Now convenience. Before the widespread availability of the internet, most banking transactions involved a physical trip during opening hours and waiting in line to be served. Likewise, registering a car involved a trip to the motor registry, paying bills and submitting a tax return involved buying an envelope and a stamp, filling out the form and dropping it at the nearest post box.
For the majority of the working-age population, the ability to perform these tasks and more online saves a substantial amount of time each week. Assuming it saves a typical internet user half an hour a week, its estimated value to consumers is $8 billion a year.
I'm always using it to pay parking fines and my kids use it to fill out their tax returns (where the taxman helpfully ''pre-fills'' the return with information about your income he already knows). The latest is you can fill out next week's census form online. As for banking, I darken the doors of my bank branch only a few times a year.

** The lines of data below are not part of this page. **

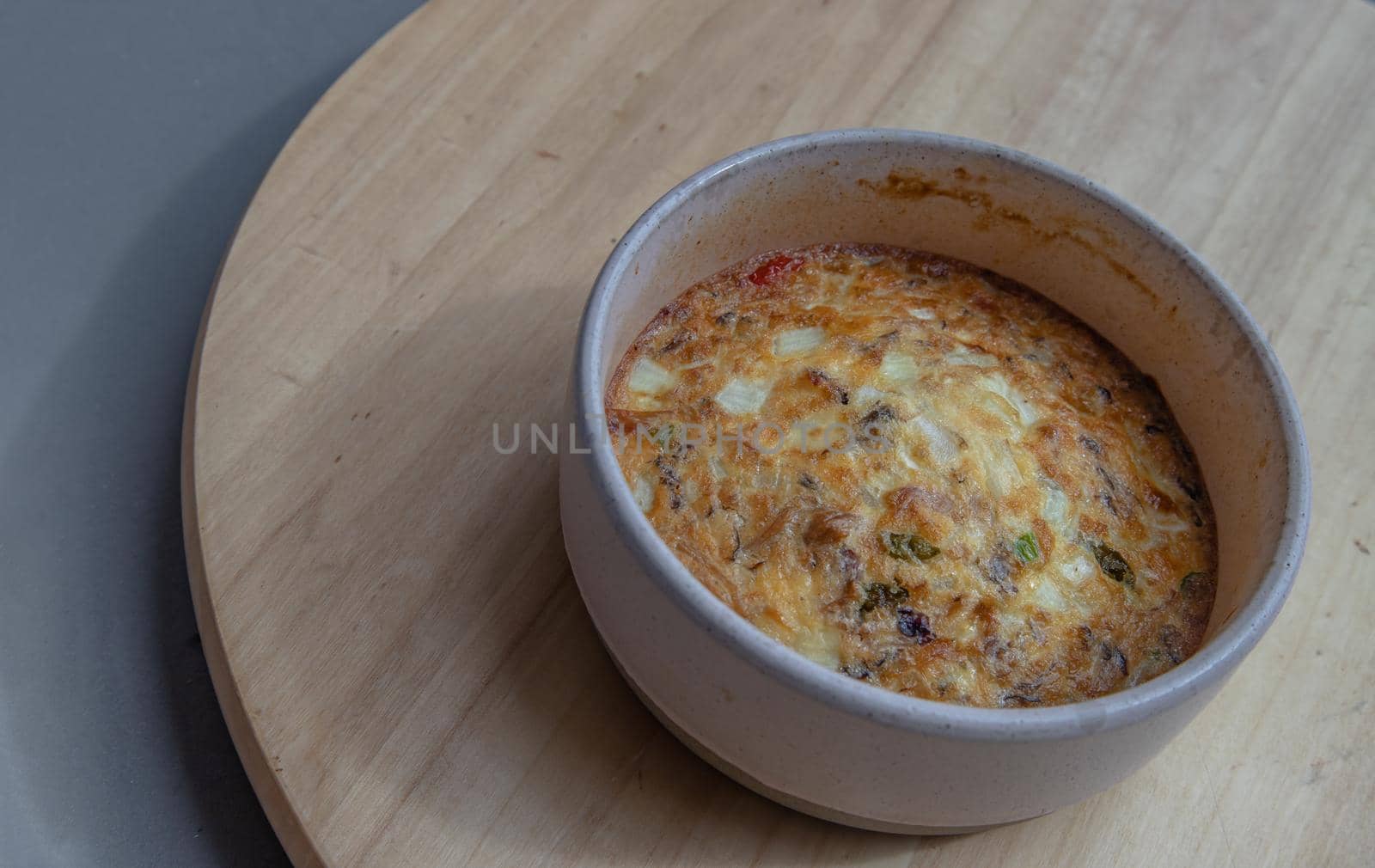 Baked eggs omelet on the wooden tray. Selective focus.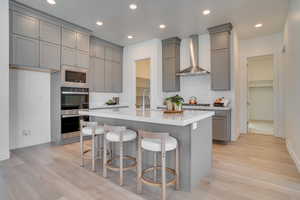 Kitchen featuring gray cabinets, wall chimney exhaust hood, appliances with stainless steel finishes, a kitchen bar, and recessed lighting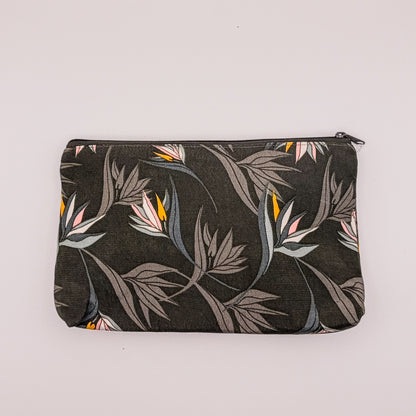 Floral-patterned pouch on a light gray background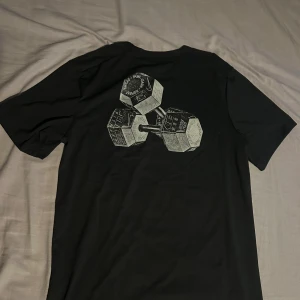 Svart Nike Dri-Fit t-shirt med tryck - Svart Nike Dri-Fit t-shirt i sportig modell med korta ärmar. Framsidan har en liten Nike-logga och baksidan är dekorerad med ett coolt tryck av två hantlar. Tillverkad i funktionsmaterial som andas och passar perfekt till gymmet.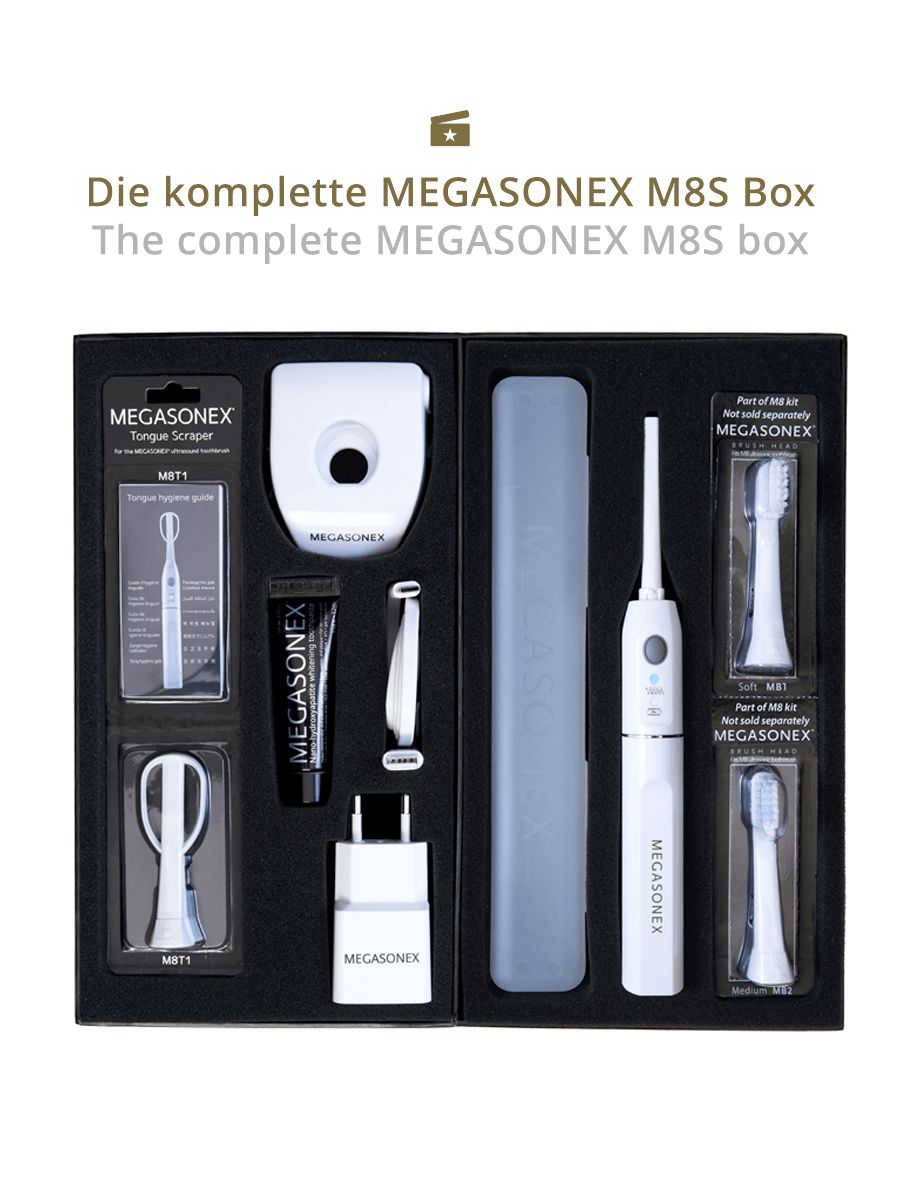 Komplette MEGASONEX M8S Box. Enthält Zahnbürste, Aufsätze, Zungenreiniger, Ladegerät, Reiseetui und Zahnpasta. Schwarze Verpackung.
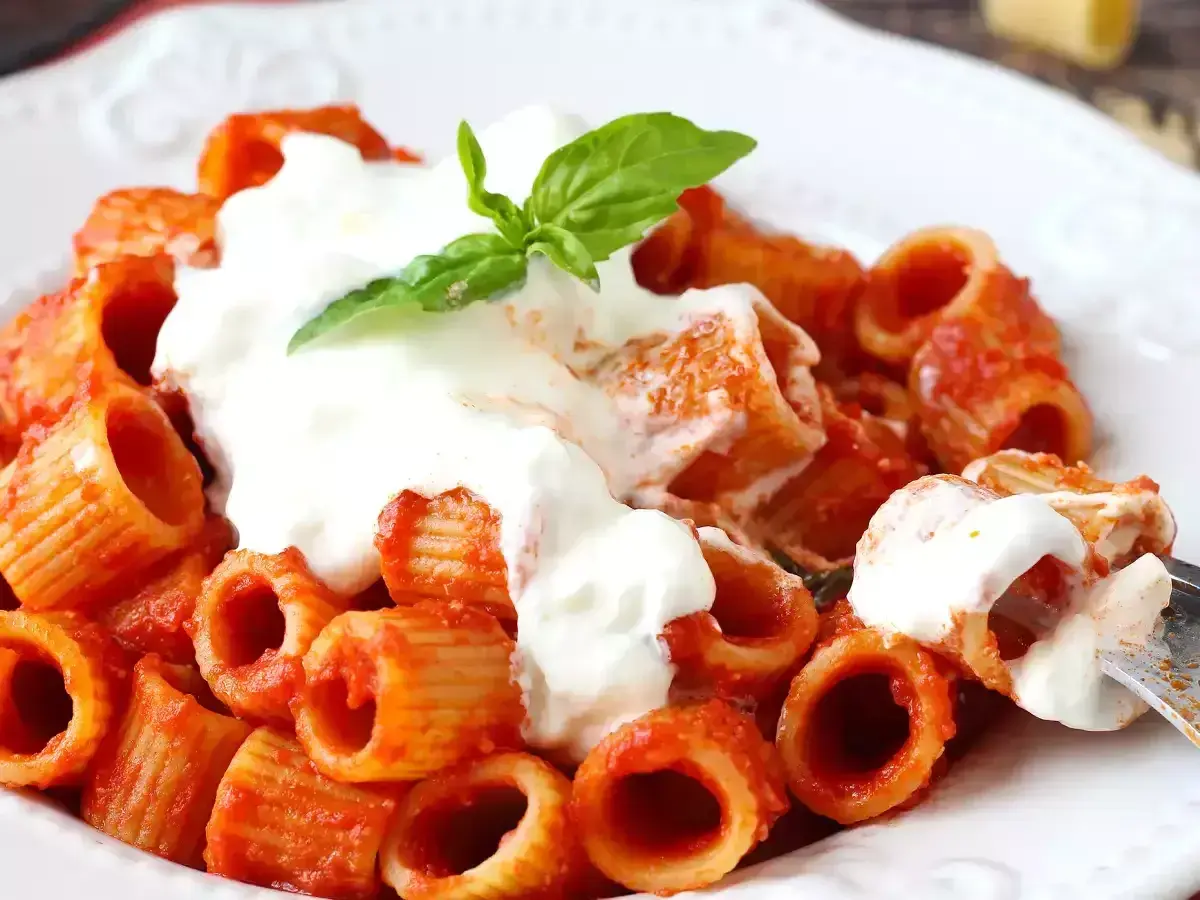 Pâtes rigatoni en sauce tomate, généreusement nappées de stracciatella crémeuse et garnies d'une feuille de basilic frais. Un délice !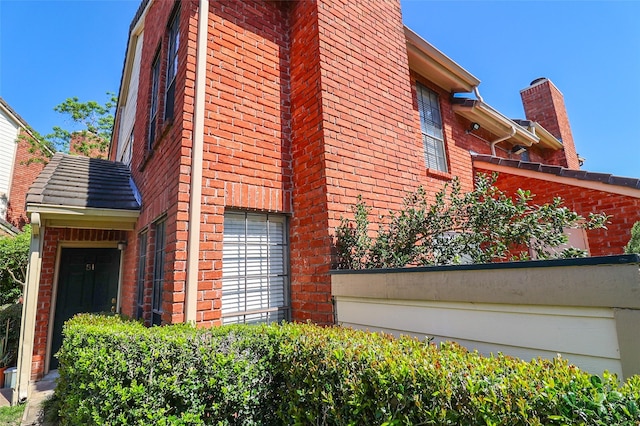 view of side of home with brick siding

On average, Australians spend 1.5 hours of leisure time a day online. If half this time is spent on recreational activities such as using social media, email and browsing, the annual value of this ''consumer surplus'' is about $1600 per person which, with a few additions, multiplies to a national benefit of $22 billion a year.
When you remember not all households and businesses are yet on the internet, that use of the net will broaden and deepen with the rollout of the national broadband network, and that we're just scratching the surface of the uses to which it could be put, its ability both to disrupt industries and to benefit consumers has a lot further to go.